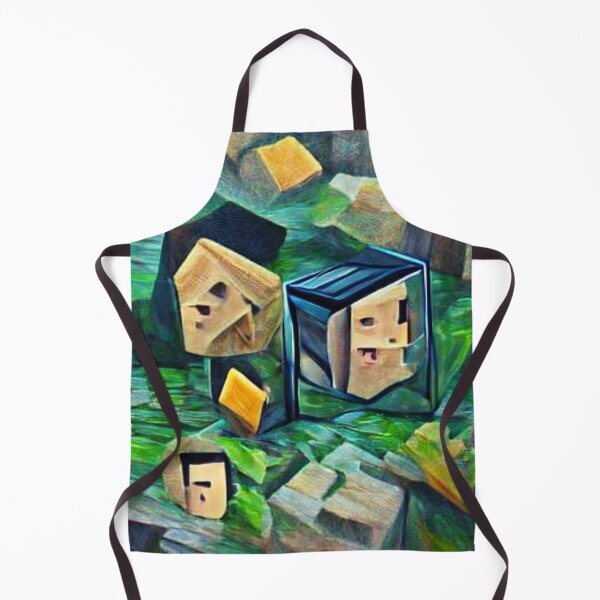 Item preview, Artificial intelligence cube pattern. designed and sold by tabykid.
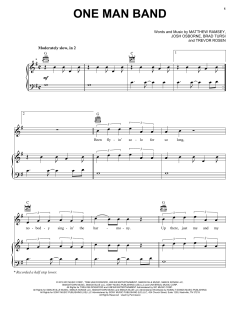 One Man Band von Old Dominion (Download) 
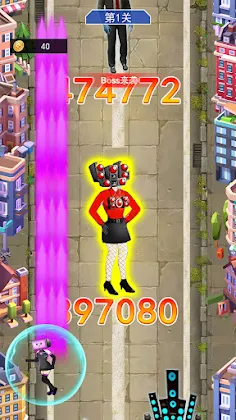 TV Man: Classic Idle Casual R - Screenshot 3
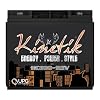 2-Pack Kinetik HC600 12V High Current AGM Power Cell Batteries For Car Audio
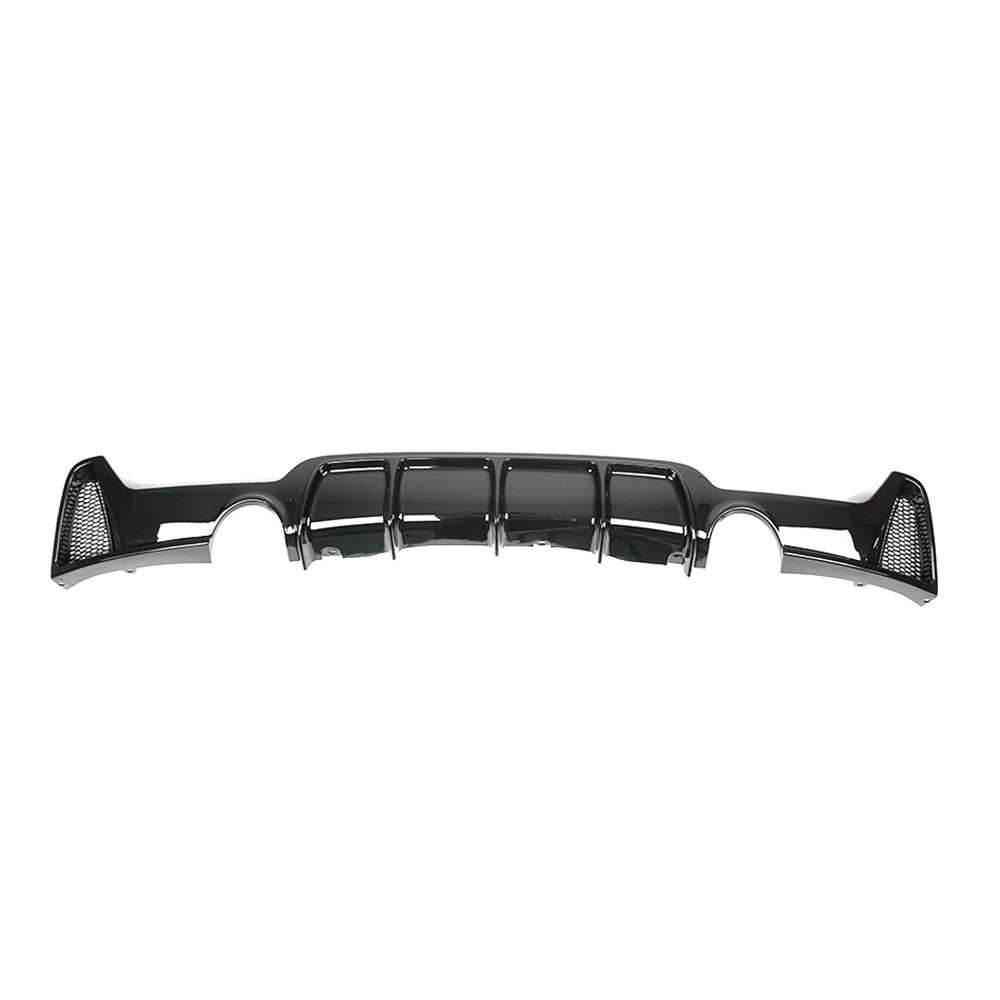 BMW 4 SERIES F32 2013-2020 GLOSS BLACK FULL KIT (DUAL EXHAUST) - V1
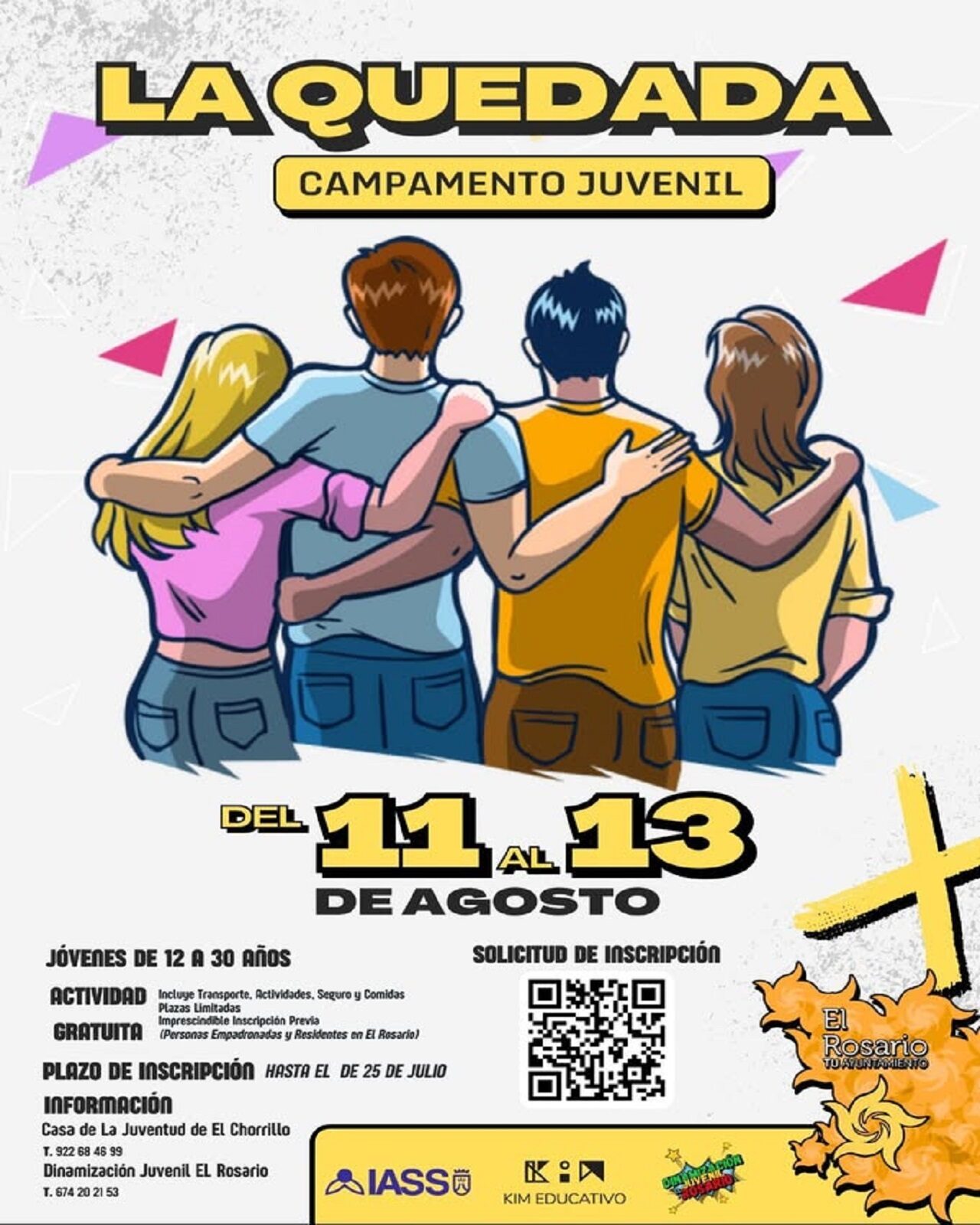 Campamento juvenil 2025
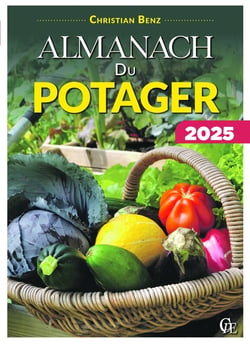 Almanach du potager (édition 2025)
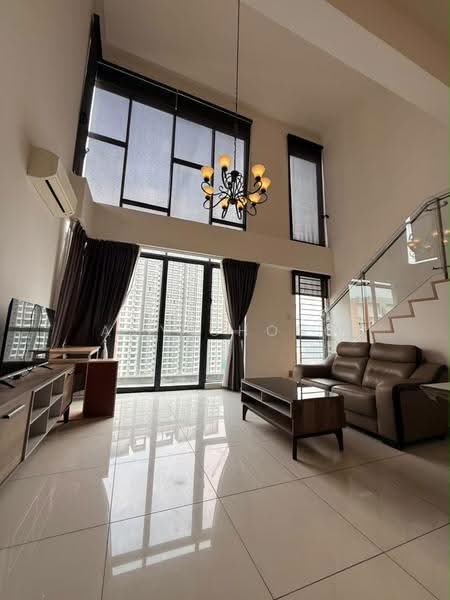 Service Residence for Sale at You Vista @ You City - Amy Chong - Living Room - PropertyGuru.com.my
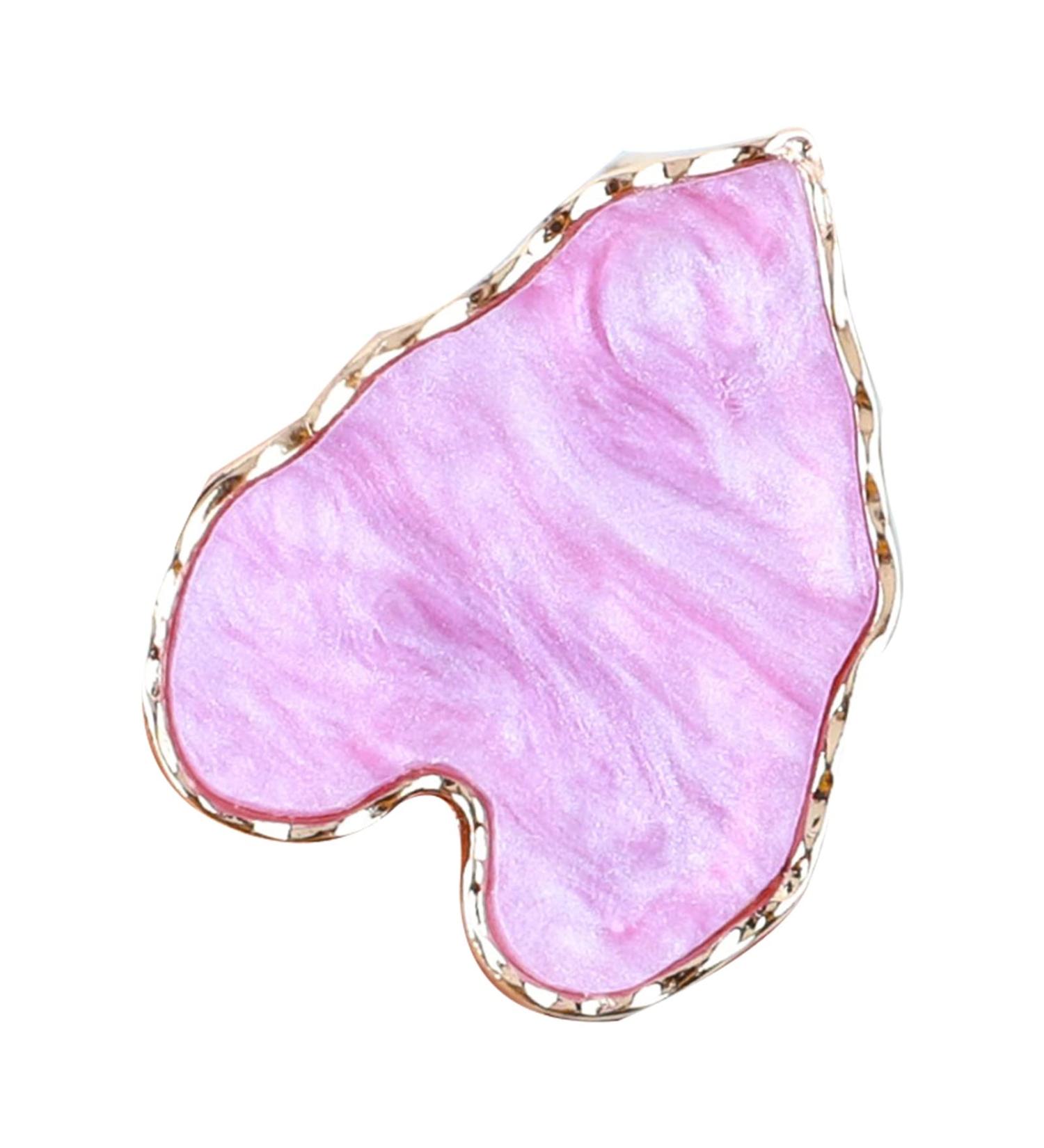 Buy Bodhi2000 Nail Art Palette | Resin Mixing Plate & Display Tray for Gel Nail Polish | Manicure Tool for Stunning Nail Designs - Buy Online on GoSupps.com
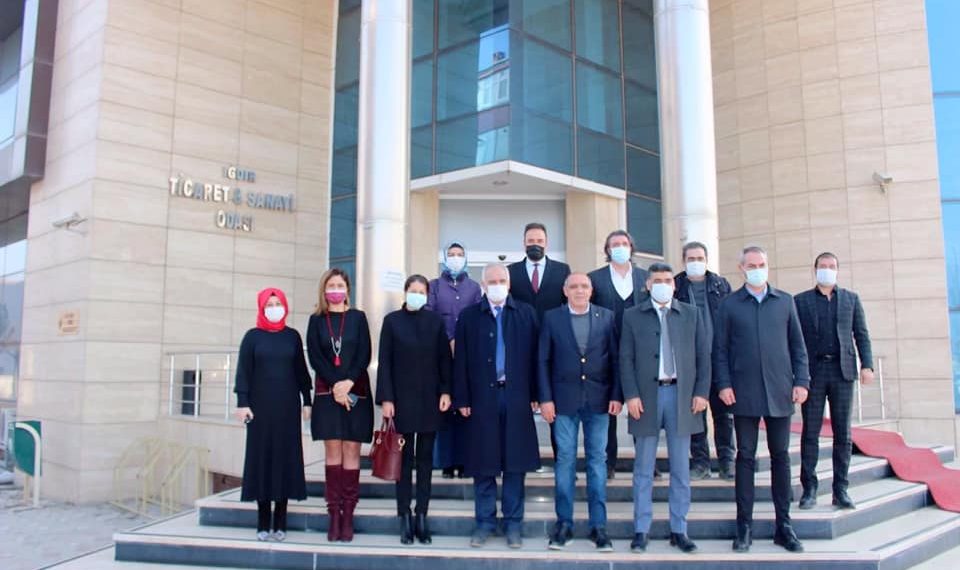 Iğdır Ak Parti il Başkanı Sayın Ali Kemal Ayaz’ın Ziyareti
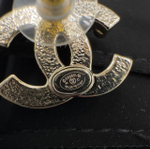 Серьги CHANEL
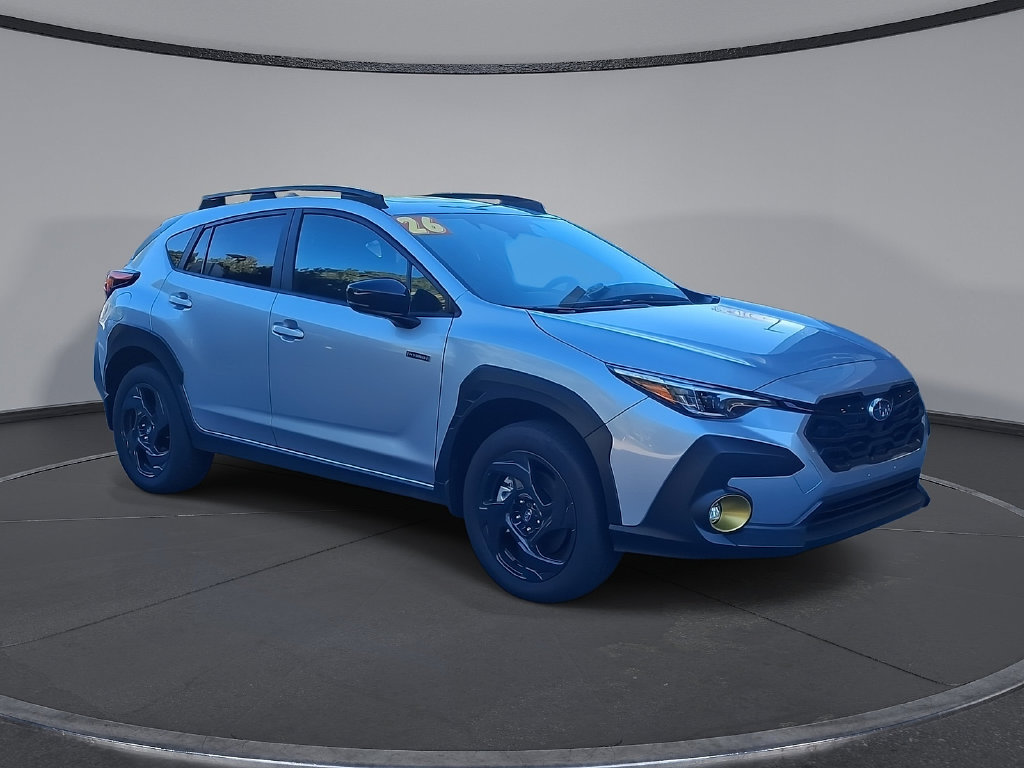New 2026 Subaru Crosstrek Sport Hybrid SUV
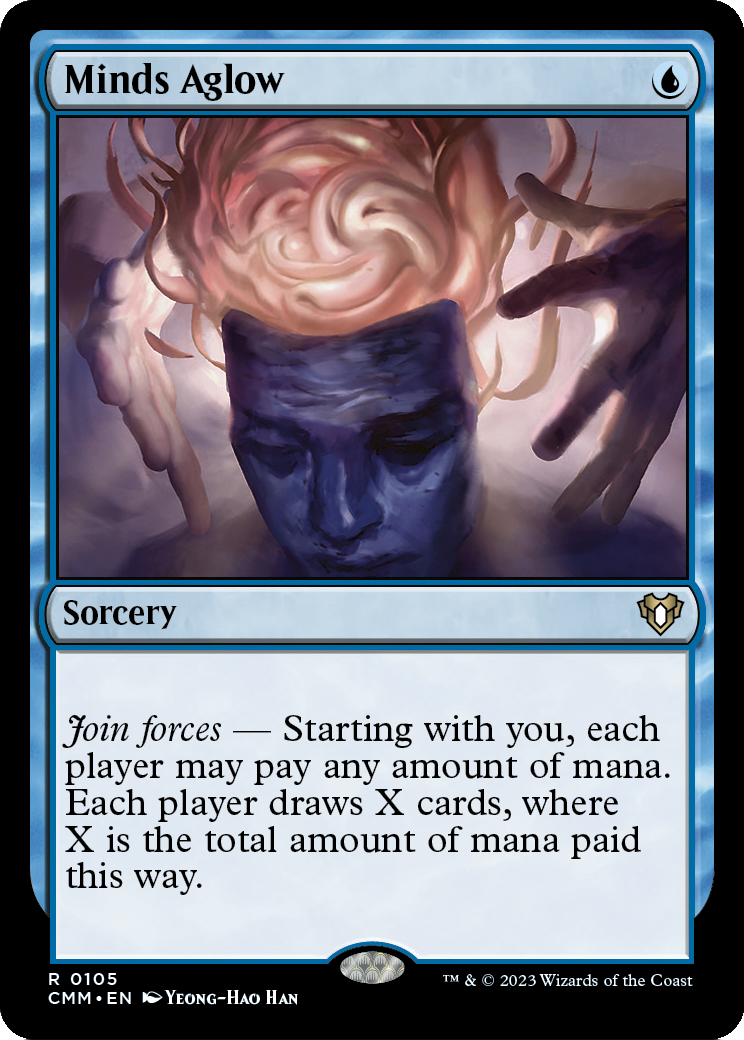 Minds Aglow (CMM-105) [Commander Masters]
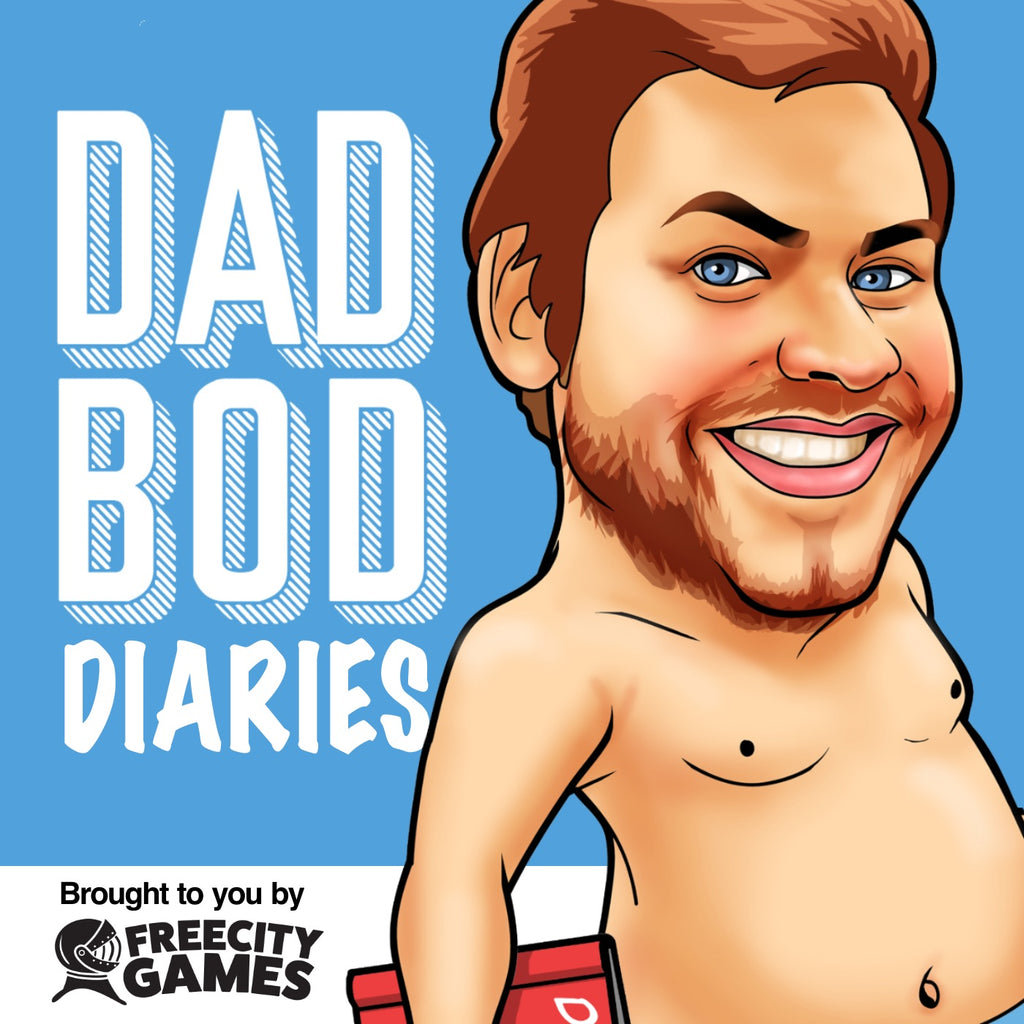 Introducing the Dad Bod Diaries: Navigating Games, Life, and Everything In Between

########

> **What the task asks**
Without changing a single word, set down all of the material again and leave out its pictures.

> **The completed task**
 Item preview, Artificial intelligence cube pattern. designed and sold by tabykid.
 One Man Band von Old Dominion (Download) 
 TV Man: Classic Idle Casual R - Screenshot 3
 2-Pack Kinetik HC600 12V High Current AGM Power Cell Batteries For Car Audio
 BMW 4 SERIES F32 2013-2020 GLOSS BLACK FULL KIT (DUAL EXHAUST) - V1
 Campamento juvenil 2025
 Almanach du potager (édition 2025)
 Service Residence for Sale at You Vista @ You City - Amy Chong - Living Room - PropertyGuru.com.my
 Buy Bodhi2000 Nail Art Palette | Resin Mixing Plate & Display Tray for Gel Nail Polish | Manicure Tool for Stunning Nail Designs - Buy Online on GoSupps.com
 Iğdır Ak Parti il Başkanı Sayın Ali Kemal Ayaz’ın Ziyareti
 Серьги CHANEL
New 2026 Subaru Crosstrek Sport Hybrid SUV
 Minds Aglow (CMM-105) [Commander Masters]
 Introducing the Dad Bod Diaries: Navigating Games, Life, and Everything In Between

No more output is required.